Slightly over 6% of Kenyans are Somalis. Because of relatively recent refugee influx, this is sharply up from 2% or so a generation ago. They “belong” in the desert north, but now dominate parts of Nairobi, particularly Eastleigh, and over 500,000 are in Dadaab refugee camp near the Somali border – probably the largest single refugee camp in the world. Arid and isolated, it is a prison for most of its occupants.
Somalis are good at mayhem. The warlordism that has driven Somalia to the status of “failed state” and created hell for most Somalis is rooted in clan structures and rivalries. Somalis are Sunni Muslims, but my understanding of their traditions suggests an inclusive Islam, linked to tribal and nomadic practices and with Sufi spiritual overtones. But the lawless state of Somalia has been a gift to Islamist jihadis, and al-Shabab is indeed reasonably thought of as an “al-Qaeda affiliate”.
One stream of al-Shabab ideology is Somali nationalist, feeding on anger at the way they feel that Somalia has been used and torn apart by the outside world. Much of this anger is directed at Kenya, whose army occupies much of southern Somalia in a generally successful attempt to root out jihadi control of that area.
The other stream in al-Shabab is the ideology of global apocalyptic Islamism. I would expect to learn that several of those who attacked Nairobi were jihadis from a range of countries. Al-Shabab militants include hundreds of non-Somalis, including, apparently, about 50 British passports. This Islamism feeds upon the militant and military traditions of Somali clan warfare.
Kenya cannot resource lock-down levels of security, and even if she could, it would be poison to the genuine growth of an open society that the country is achieving. The Westgate event poses Kenya with impossible strains and choices.
In your prayers, please hold in the light of Christ
- The Westgate victims, diverse as they are.
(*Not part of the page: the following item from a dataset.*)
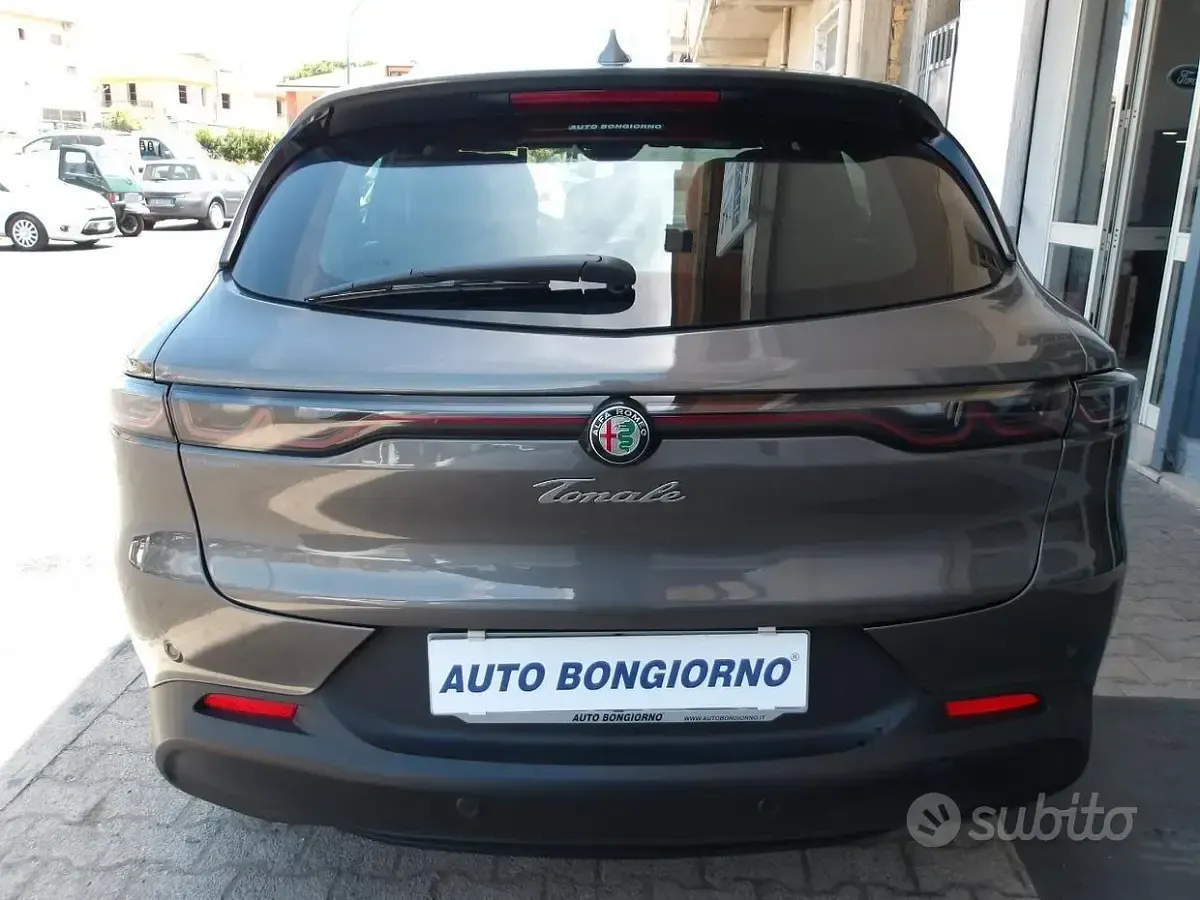 Usata Alfa Romeo Tonale Sprint 131 CV (96 kW) 2023 Grigio SUV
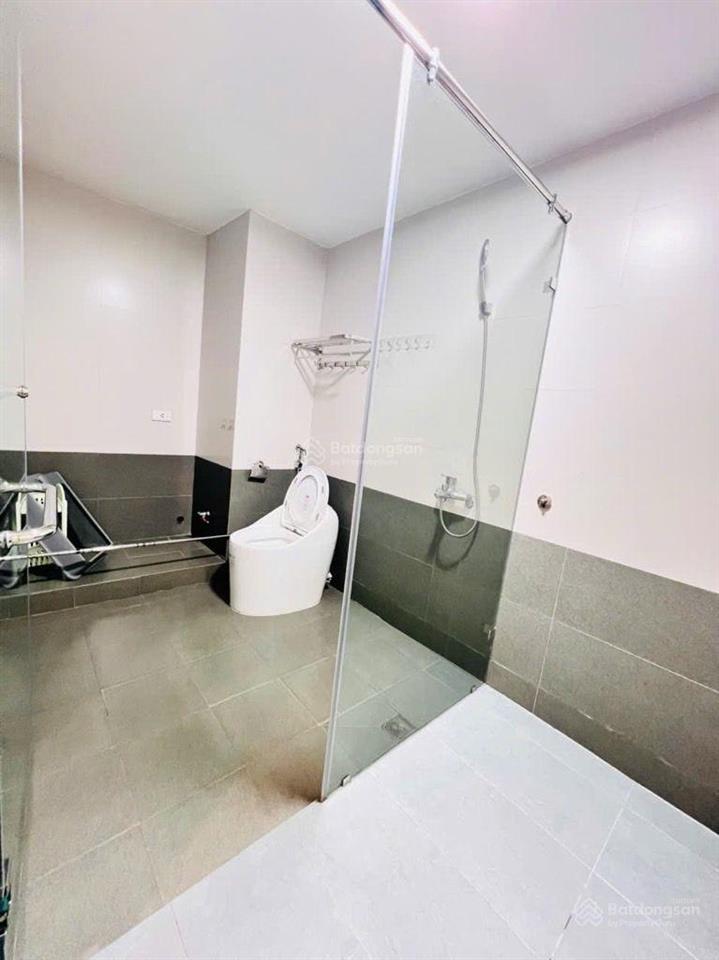 Bán căn hộ tòa 30t2 nguyễn chánh, yên hòa, 55m2, 4.65 tỷ, 2 ngủ, 1 wc, sổ đỏ cc, full nội thất đẹp.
Kenyan, global, African, Asian, European, Christian, Sikh, Muslim, Hindu, old, young and little children.
- Kenyan Muslims. A minority in the country as a whole. Guardians of the rich Swahili culture of the Coast. In fear of the real possibility of communal backlash, especially in Nairobi.
- Somalis in Kenya. Whether or not they are Kenya citizens. That they should stand fast against jihadi influence. That they may not endure communal retribution.
- Kenyan “wananchi” (citizens). Especially in the cities. That they may resist the temptation to seek retribution, and not allow their country to become divided on tribal or religious grounds.
- Kenya’s urban poor. Those in Kibera and other slums whose search for hope can only be dented by the focus on security and other issues that Westgate will entail.
- The Kenyan Government. Elected after a difficult and fractious election in March. Charged with implementing an admirable new homegrown constitution guaranteeing the rights of all Kenyans.
- All Kenyan leadership. That they may assert Kenya’s independence and integrity in peace. Resisting communalism, tribalism and sectarianism. Resisting being swallowed into the Homeland Security of others.
- Marksen Wafula Masinde. Our politically very active Kenyan Associate, working on founding an Iona group in Kenya. With Freda, a remarkable community leader.